Aim of the task » Retype, exactly as they stand, the lines from the start of the data to the line that contains "The spruce top", both ends included. Leave the pictures out.

(Caption-style text data)

· · · ·

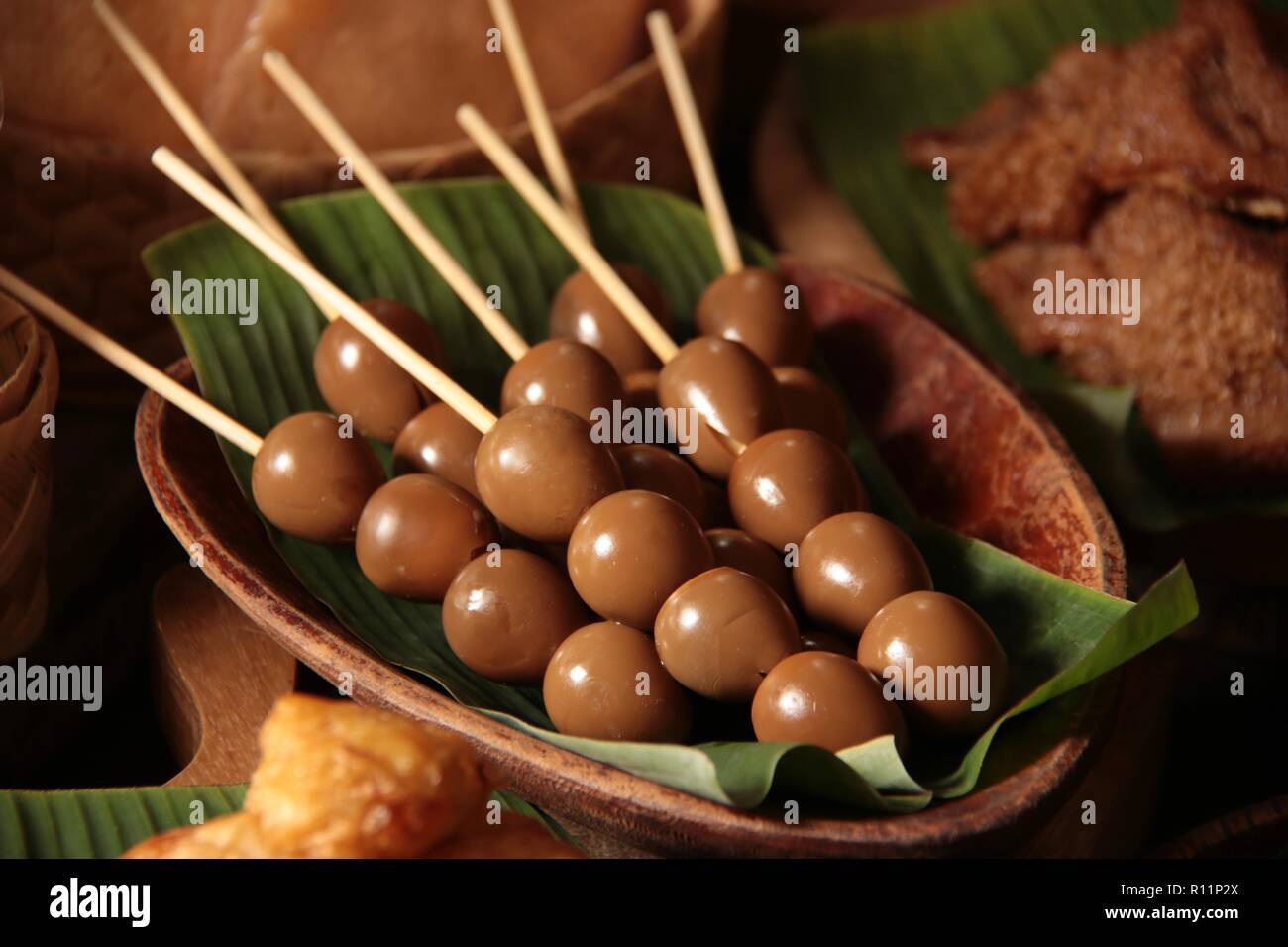 Sate Telur Puyuh. Satays of quail eggs braised in soy sauce. Stock Photo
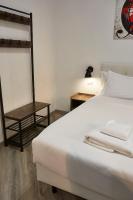 A bed or beds in a room at The Roman Way San Giovanni
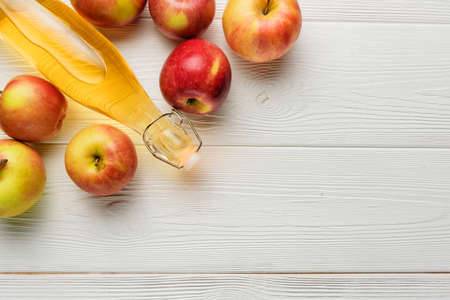 A bottle of apple cider vinegar or juice with apples on a white background with copy space. Flat lay composition with apple cider in a glass bottle close-up.の写真素材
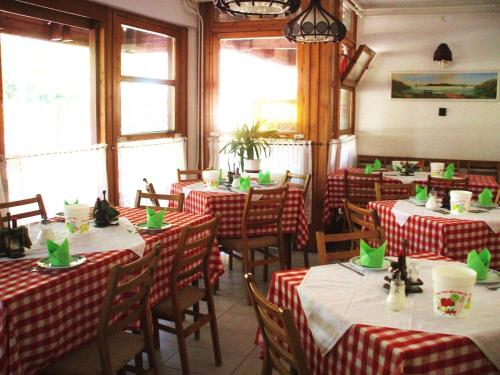 a restaurant with red and white clothed tables with green napkins at Oleander B&B in Siófok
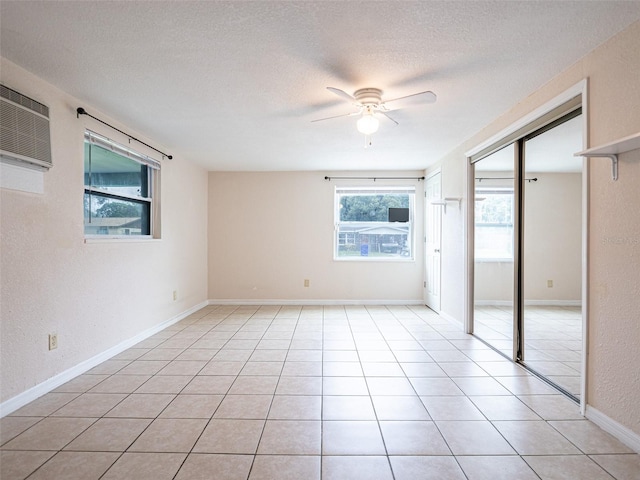 unfurnished bedroom with ceiling fan, a textured ceiling, multiple windows, and light tile patterned flooring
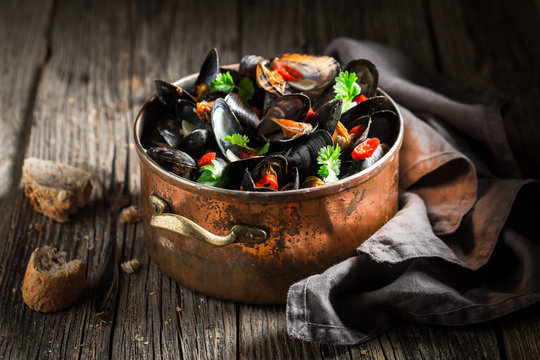 Mussels served with wholemeal bread on wooden table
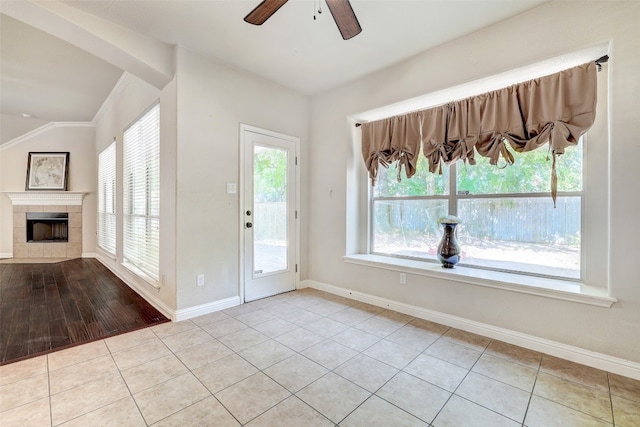 entryway featuring ceiling fan, a tile fireplace, plenty of natural light, and light hardwood / wood-style floors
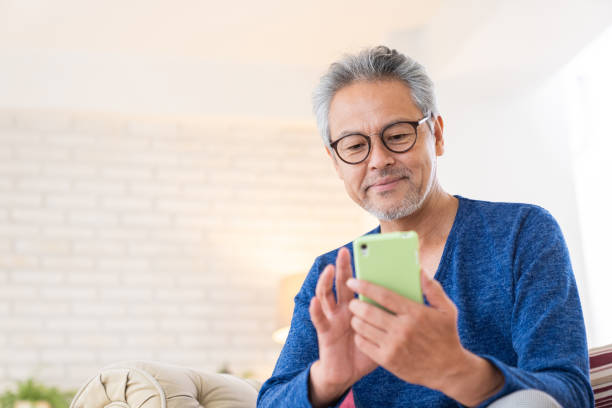 istock elderly man who uses smart phone, 1446377681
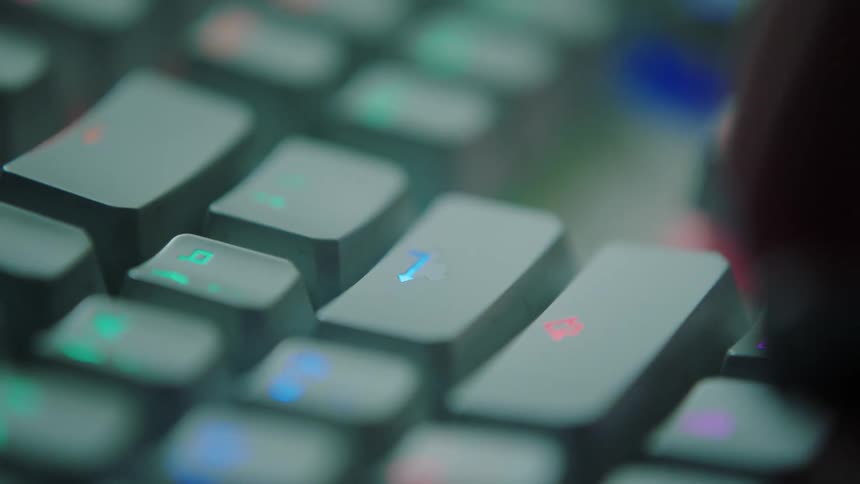 A person is typing on a computer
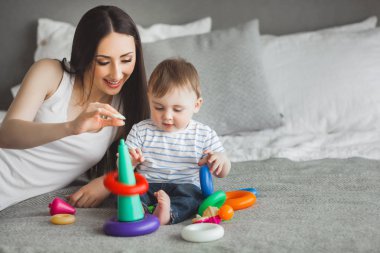 Küçük oğluyla birlikte oynayan genç güzel anne. Neşeli aile kapalı küçük bebek oğlu ile eğleniyor
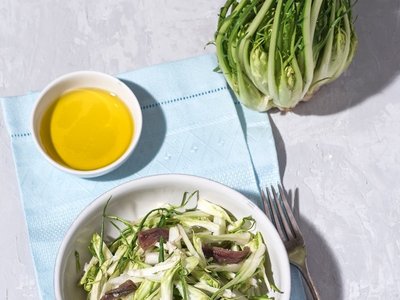 Puntarelle alla romana or asparagus Catalonian chicory salad with anchovy dressing and olive oil, italian food, selective focus, bright sunlight. Italian traditional seasoning recepies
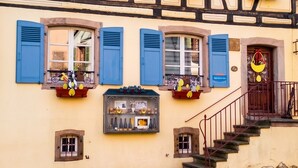 Un bâtiment traditionnel à colombages, doté de nombreuses fenêtres, d’une entrée bien visible et situé sur une rue pavée.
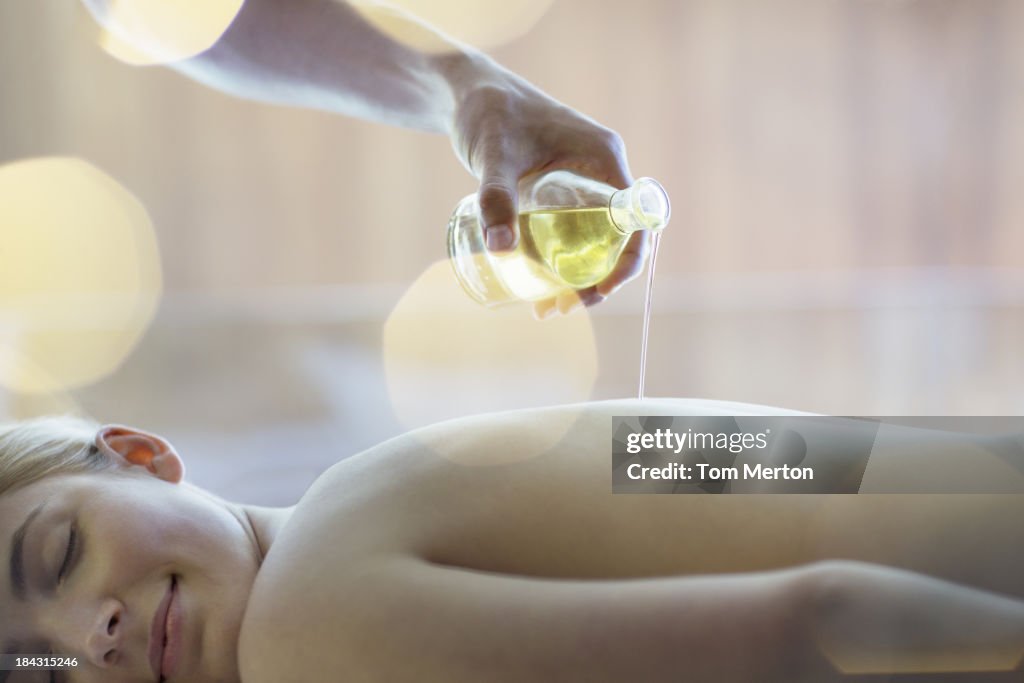 Woman receiving massage at spa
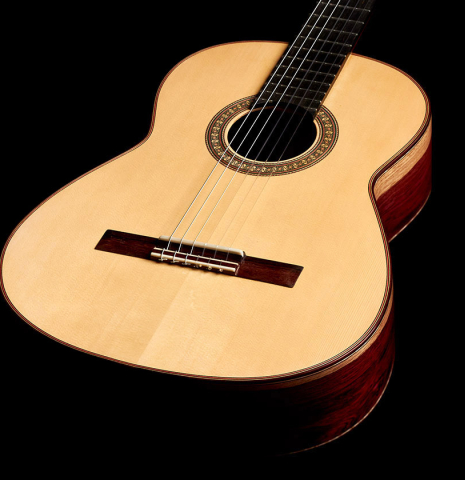 The spruce top of a 2022 German Vazquez Rubio "Divina" classical guitar with Palo Escrito back and sides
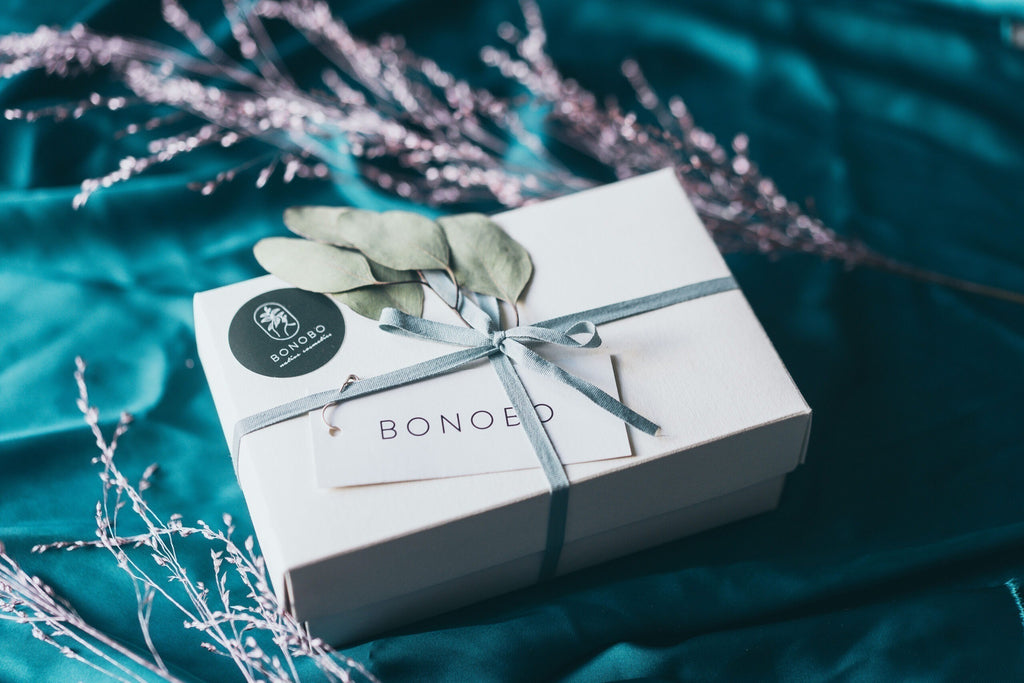 a playful close-up of the with love gift box showing the avocado lip balm and orange cream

· · · ·

Answer space »
 Sate Telur Puyuh. Satays of quail eggs braised in soy sauce. Stock Photo
 A bed or beds in a room at The Roman Way San Giovanni
 A bottle of apple cider vinegar or juice with apples on a white background with copy space. Flat lay composition with apple cider in a glass bottle close-up.の写真素材
 a restaurant with red and white clothed tables with green napkins at Oleander B&B in Siófok
 unfurnished bedroom with ceiling fan, a textured ceiling, multiple windows, and light tile patterned flooring
 Mussels served with wholemeal bread on wooden table
 entryway featuring ceiling fan, a tile fireplace, plenty of natural light, and light hardwood / wood-style floors
 istock elderly man who uses smart phone, 1446377681
 A person is typing on a computer
 Küçük oğluyla birlikte oynayan genç güzel anne. Neşeli aile kapalı küçük bebek oğlu ile eğleniyor
 Puntarelle alla romana or asparagus Catalonian chicory salad with anchovy dressing and olive oil, italian food, selective focus, bright sunlight. Italian traditional seasoning recepies
 Un bâtiment traditionnel à colombages, doté de nombreuses fenêtres, d’une entrée bien visible et situé sur une rue pavée.
 Woman receiving massage at spa
 The spruce top of a 2022 German Vazquez Rubio "Divina" classical guitar with Palo Escrito back and sides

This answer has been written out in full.